* **BRIEF**
Starting at the line below holding "Patek Philippe Complications" and stopping at the line holding "Obraz premium Abstract", print every line exactly, both ends included, and leave the rest out.

* **INPUT DATA**
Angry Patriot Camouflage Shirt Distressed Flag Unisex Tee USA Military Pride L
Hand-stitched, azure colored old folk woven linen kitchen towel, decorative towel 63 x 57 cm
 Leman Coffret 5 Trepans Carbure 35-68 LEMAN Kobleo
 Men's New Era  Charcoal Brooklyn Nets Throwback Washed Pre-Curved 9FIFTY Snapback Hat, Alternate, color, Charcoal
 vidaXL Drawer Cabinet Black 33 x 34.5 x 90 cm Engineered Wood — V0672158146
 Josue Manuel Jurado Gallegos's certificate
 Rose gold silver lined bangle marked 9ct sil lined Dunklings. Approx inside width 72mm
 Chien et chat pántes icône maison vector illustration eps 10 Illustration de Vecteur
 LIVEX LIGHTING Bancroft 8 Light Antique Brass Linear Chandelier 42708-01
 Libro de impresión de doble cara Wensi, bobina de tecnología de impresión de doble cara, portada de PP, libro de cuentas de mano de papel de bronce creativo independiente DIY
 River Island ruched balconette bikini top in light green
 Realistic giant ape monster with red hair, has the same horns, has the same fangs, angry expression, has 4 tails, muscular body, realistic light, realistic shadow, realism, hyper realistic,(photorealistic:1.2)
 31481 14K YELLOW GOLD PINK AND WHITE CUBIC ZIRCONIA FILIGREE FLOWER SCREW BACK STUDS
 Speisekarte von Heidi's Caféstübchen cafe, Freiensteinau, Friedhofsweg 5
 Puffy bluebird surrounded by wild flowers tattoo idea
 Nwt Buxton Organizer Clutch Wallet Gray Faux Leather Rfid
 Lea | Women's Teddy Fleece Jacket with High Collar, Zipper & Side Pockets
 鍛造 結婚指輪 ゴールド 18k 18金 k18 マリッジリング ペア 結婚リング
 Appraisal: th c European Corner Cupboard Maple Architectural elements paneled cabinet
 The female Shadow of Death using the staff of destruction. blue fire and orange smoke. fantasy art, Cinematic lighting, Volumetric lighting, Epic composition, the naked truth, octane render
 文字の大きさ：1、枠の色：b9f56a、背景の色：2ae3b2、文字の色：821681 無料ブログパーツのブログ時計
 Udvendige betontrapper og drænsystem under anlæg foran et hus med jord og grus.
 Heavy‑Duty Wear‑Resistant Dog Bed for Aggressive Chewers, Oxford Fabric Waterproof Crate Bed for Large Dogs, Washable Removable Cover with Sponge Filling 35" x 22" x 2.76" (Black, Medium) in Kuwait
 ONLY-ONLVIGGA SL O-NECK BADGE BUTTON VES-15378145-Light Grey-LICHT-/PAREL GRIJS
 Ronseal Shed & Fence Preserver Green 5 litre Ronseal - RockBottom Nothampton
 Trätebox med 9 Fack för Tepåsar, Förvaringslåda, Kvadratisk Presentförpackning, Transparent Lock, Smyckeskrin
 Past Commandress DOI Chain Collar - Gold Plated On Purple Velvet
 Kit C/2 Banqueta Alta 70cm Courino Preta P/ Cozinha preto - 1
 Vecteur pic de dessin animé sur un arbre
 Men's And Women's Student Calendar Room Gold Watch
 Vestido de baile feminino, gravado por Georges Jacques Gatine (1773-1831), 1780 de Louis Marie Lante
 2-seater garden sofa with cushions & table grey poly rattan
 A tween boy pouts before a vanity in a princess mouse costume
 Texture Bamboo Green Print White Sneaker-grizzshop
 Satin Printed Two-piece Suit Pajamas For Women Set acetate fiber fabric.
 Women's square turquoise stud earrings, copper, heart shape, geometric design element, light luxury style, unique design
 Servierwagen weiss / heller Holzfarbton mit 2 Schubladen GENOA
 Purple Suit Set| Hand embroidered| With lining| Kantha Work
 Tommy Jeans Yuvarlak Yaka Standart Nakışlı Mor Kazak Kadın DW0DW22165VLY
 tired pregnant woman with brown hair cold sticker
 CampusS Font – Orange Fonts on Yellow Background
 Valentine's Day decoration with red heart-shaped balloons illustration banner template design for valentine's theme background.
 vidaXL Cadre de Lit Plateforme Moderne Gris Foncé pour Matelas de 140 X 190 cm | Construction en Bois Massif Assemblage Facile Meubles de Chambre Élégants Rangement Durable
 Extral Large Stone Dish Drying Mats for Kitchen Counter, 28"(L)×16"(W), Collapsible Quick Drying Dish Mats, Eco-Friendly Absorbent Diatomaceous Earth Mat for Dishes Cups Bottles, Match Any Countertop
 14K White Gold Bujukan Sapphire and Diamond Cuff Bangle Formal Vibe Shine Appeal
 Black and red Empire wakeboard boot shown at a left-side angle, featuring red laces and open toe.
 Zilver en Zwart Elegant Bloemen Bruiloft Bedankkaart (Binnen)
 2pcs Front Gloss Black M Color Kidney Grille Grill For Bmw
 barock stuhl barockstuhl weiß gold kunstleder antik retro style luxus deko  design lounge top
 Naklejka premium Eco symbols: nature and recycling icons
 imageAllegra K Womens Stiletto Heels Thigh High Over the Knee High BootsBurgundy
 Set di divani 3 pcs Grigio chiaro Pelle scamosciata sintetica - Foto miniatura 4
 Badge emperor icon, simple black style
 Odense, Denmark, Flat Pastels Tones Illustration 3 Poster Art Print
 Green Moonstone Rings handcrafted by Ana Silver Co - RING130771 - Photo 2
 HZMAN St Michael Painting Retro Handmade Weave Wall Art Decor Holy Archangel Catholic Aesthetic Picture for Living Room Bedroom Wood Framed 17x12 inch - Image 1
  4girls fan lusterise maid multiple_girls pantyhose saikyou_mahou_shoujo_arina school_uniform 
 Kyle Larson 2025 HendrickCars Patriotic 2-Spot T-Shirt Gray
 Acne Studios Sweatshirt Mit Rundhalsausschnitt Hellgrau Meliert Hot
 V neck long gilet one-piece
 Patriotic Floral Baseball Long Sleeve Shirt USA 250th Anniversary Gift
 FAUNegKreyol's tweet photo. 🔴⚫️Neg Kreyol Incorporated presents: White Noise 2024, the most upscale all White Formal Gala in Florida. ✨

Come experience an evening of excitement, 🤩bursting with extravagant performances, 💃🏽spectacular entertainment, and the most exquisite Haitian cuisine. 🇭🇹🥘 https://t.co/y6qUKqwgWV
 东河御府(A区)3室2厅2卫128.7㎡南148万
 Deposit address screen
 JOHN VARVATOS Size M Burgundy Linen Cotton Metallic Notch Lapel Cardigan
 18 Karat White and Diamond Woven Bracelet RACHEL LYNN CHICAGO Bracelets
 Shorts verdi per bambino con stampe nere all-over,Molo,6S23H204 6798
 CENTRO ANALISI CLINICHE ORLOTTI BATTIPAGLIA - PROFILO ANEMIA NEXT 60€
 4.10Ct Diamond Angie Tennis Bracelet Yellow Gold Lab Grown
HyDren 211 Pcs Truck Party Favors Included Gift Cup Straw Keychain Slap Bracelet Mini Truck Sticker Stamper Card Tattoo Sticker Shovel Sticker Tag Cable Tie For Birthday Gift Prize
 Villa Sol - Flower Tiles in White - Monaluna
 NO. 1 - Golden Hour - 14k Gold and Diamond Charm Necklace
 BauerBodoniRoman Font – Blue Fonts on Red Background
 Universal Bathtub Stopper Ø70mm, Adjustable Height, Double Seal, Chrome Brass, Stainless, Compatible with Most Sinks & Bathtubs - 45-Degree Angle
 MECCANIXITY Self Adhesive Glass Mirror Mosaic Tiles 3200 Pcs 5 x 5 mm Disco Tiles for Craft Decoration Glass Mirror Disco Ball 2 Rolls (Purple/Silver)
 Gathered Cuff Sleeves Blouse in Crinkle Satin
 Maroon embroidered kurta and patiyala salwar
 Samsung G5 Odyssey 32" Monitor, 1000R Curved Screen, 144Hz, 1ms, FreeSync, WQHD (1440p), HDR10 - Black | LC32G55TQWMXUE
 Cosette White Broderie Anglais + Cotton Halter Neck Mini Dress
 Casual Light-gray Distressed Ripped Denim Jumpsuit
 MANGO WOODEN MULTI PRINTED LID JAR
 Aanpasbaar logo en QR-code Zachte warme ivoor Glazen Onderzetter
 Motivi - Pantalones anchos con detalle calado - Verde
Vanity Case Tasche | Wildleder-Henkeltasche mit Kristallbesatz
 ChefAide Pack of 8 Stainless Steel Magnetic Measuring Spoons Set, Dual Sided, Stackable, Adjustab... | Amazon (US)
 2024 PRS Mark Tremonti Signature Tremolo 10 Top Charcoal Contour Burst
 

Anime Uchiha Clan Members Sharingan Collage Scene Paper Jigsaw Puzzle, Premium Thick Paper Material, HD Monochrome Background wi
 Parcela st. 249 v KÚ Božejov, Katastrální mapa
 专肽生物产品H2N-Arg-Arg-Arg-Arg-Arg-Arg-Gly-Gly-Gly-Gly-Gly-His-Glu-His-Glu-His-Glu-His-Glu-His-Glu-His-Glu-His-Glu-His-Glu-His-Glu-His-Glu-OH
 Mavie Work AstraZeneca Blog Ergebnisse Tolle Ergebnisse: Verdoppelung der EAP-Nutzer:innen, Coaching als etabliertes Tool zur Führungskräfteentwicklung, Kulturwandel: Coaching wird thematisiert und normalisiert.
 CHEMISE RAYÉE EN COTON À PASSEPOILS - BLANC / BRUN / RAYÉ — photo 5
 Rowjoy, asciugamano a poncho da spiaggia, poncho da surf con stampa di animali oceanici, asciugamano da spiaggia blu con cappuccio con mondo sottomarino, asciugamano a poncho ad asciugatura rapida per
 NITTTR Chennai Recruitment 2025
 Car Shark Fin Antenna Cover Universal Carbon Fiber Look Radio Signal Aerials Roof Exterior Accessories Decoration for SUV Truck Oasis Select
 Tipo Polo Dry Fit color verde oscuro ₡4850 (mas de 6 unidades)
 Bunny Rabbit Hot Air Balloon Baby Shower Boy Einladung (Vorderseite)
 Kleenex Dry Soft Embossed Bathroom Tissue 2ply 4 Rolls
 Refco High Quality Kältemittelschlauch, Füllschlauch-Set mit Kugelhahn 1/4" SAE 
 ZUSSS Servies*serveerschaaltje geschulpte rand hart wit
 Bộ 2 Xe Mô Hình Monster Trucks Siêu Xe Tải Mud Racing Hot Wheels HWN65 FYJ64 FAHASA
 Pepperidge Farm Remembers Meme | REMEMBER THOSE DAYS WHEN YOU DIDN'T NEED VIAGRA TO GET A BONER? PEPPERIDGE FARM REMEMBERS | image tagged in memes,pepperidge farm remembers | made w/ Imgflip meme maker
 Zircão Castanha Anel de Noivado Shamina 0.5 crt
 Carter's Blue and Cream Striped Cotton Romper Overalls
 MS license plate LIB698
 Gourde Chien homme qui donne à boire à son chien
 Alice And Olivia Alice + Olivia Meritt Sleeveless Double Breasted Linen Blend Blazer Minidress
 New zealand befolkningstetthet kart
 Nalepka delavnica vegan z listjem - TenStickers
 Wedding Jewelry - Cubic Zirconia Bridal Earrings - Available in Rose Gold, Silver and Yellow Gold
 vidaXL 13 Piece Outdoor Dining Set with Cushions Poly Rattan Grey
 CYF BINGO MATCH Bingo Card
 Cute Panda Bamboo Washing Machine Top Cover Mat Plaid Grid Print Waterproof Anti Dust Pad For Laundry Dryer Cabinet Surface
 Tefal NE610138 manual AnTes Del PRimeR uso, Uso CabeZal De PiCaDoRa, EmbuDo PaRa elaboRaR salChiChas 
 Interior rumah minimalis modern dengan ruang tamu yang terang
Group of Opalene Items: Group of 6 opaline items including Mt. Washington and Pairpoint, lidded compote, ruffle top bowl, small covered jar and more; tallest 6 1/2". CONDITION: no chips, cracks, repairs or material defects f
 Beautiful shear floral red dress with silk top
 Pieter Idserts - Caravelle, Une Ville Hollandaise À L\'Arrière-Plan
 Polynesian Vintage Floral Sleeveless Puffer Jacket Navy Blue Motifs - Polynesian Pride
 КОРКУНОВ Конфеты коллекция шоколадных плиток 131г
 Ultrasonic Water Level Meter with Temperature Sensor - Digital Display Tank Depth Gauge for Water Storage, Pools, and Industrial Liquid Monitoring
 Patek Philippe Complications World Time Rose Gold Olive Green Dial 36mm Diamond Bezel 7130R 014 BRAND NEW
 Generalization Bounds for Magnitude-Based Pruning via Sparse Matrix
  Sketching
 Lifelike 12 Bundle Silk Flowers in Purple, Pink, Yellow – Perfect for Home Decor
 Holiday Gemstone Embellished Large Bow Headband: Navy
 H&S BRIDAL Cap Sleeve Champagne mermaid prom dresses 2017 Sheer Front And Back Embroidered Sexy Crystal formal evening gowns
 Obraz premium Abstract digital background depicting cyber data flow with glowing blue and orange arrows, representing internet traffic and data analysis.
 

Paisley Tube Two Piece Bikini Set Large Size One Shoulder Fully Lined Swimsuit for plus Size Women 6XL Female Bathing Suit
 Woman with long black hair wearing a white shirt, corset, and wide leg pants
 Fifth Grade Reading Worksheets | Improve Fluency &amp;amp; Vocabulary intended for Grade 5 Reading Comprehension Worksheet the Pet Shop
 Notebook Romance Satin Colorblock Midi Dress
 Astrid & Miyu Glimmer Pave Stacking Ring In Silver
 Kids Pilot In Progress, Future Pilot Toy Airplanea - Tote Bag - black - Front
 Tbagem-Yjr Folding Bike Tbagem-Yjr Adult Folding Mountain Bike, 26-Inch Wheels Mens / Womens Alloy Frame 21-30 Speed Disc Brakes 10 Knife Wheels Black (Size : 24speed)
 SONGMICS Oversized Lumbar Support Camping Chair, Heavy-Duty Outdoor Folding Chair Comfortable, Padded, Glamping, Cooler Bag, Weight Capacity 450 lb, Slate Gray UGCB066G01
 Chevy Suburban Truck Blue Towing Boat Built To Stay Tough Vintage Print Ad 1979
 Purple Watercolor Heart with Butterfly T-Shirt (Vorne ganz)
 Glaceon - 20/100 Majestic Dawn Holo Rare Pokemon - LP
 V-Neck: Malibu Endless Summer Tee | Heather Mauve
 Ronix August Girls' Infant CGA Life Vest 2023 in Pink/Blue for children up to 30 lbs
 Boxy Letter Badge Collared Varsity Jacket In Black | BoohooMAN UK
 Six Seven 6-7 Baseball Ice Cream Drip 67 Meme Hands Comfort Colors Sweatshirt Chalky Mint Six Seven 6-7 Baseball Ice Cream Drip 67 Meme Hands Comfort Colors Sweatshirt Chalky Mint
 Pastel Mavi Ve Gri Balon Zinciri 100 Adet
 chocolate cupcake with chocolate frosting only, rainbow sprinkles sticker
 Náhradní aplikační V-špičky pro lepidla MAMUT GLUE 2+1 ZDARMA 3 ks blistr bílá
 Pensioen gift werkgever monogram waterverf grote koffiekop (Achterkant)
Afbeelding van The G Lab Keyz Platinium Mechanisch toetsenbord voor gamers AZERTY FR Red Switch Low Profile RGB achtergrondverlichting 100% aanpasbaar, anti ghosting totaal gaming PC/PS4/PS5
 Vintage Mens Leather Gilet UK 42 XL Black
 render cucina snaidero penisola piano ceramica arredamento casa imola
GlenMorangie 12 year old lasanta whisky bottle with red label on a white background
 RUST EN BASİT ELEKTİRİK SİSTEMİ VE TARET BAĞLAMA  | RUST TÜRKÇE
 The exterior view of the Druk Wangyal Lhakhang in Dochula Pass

* **TASK RESULT**
 Patek Philippe Complications World Time Rose Gold Olive Green Dial 36mm Diamond Bezel 7130R 014 BRAND NEW
 Generalization Bounds for Magnitude-Based Pruning via Sparse Matrix
  Sketching
 Lifelike 12 Bundle Silk Flowers in Purple, Pink, Yellow – Perfect for Home Decor
 Holiday Gemstone Embellished Large Bow Headband: Navy
 H&S BRIDAL Cap Sleeve Champagne mermaid prom dresses 2017 Sheer Front And Back Embroidered Sexy Crystal formal evening gowns
 Obraz premium Abstract digital background depicting cyber data flow with glowing blue and orange arrows, representing internet traffic and data analysis.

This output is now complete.